Vasavi started using cocaine her sophomore year; her senior year brought harder drugs such as ecstasy. She was a heavy substance user by the time she was 28 years old.

Family

“Many South Asian individuals—like the general public—are unaware that SUD is a chronic illness affecting the brain, as opposed to a moral weakness or failing” Dr. Lipi Roy explains.

While Jyoti’s parents didn’t understand her addiction, they remained supportive and over time came to understand her story. Yet a lack of knowledge can stand in the way of support. Vasavi, whose mother was physically abusive towards her, spoke of living with shame. “I was berated by her and made to feel like everything was a moral issue.” Her parents didn’t understand how mental health and SUDs go hand-in-hand.

Community

“For the longest time, I felt like I was the only Indian girl with anxiety and depression," Jyoti says. "I felt like if I talked about it openly, I would be judged harshly. It was as if everyone was OK, and I wasn’t, and it was scary to face it all alone."

Disclosing issues even to close friends can be daunting, due to an underlying and often valid concern of how one will be viewed. Religious and cultural systems play a huge supporting role in collectivist cultures. However, they are not always well-equipped to handle mental health issues, let alone substance use challenges.

“My mom would bring me to temple or concerts," Vasavi recalls. "She thought if she could just immerse me in the Indian community and if I just had more Indian friends, that I would be better.” However, Vasavi was turned off by how judgmental she found the community to be—an unfortunate drawback of diasporic culture that can make leaning on the larger community more disheartening than helpful.

Getting Help

“When I became a mom, I started to use alcohol to cope with motherhood," Jyoti says. "Only then did it start to look like a problem to me. After several attempts at quitting and then gaslighting myself into believing I didn’t have a problem, I finally became sober on January 3, 2021, and never looked back.”
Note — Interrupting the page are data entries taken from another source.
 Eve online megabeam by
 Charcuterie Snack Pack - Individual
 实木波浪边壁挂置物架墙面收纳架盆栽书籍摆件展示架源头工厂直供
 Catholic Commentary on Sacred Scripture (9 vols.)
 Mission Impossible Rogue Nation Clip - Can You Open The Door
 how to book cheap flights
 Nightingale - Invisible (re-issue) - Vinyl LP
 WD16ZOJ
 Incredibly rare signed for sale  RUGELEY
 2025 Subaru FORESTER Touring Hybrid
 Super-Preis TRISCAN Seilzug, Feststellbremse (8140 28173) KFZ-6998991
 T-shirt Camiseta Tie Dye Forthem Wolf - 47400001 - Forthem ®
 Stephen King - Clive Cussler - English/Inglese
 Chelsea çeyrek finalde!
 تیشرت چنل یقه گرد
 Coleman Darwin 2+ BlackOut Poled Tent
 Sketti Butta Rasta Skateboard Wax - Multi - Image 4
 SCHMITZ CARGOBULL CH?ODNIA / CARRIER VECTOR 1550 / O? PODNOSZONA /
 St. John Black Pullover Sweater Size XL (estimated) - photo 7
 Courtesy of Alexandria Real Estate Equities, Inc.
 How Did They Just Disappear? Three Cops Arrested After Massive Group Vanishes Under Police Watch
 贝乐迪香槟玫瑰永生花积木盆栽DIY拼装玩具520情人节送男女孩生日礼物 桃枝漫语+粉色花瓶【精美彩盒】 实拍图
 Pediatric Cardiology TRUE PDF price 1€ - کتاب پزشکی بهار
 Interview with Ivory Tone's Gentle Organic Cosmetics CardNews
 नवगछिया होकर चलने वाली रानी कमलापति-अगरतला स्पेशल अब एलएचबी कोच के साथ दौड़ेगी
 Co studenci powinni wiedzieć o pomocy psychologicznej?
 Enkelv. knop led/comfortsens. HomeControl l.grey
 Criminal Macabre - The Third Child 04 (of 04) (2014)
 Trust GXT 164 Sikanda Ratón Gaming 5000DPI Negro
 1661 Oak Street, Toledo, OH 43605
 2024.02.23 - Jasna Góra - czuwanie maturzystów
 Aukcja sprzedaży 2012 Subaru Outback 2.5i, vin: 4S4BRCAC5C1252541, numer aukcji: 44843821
Dr. Roy shares how her own family members dealing with alcohol use disorders “not only did not reach out for help, they also never acknowledged having a problem.” Many of her SA patients wait far too long to seek help. “They feel too ashamed to speak up.” She argues that mental health professionals need to do more educational outreach and hire more SA staff. “People who feel stigmatized are more likely to open up to professionals who look like them.”

Jyoti shares that while working on her sobriety, she read a lot of literature, but noted that “it didn’t represent me, my upbringing, my community, or my story. 'Sober lit' is primarily written by white women who cannot touch upon the guilt and shame that we feel culturally.” What helped her was a combination of reading, using a sobriety app, and connecting with her sober community.

Advocacy

Given their challenges, both Vasavi and Jyoti have become leading advocates for sobriety support in the SA community. As a mom of three, Jyoti feels there is still much to do. She believes that it is by having open conversations, especially with her own children when they are ready, that there can be awareness and then change.

Vasavi started therapy at age 12 after telling her parents that she needed to speak to someone. In her late 20s, after using cocaine for several years and on the heels of an unhealthy relationship and a recent miscarriage, she entered rehab. Her parents finally realized that she had a problem. However, they never attended the groups and gained the support they needed, which she feels could have made a difference. Thankfully, rehab helped Vasavi tremendously. Now a licensed therapist and five years sober, Vasavi openly shares her story in the hopes of helping others.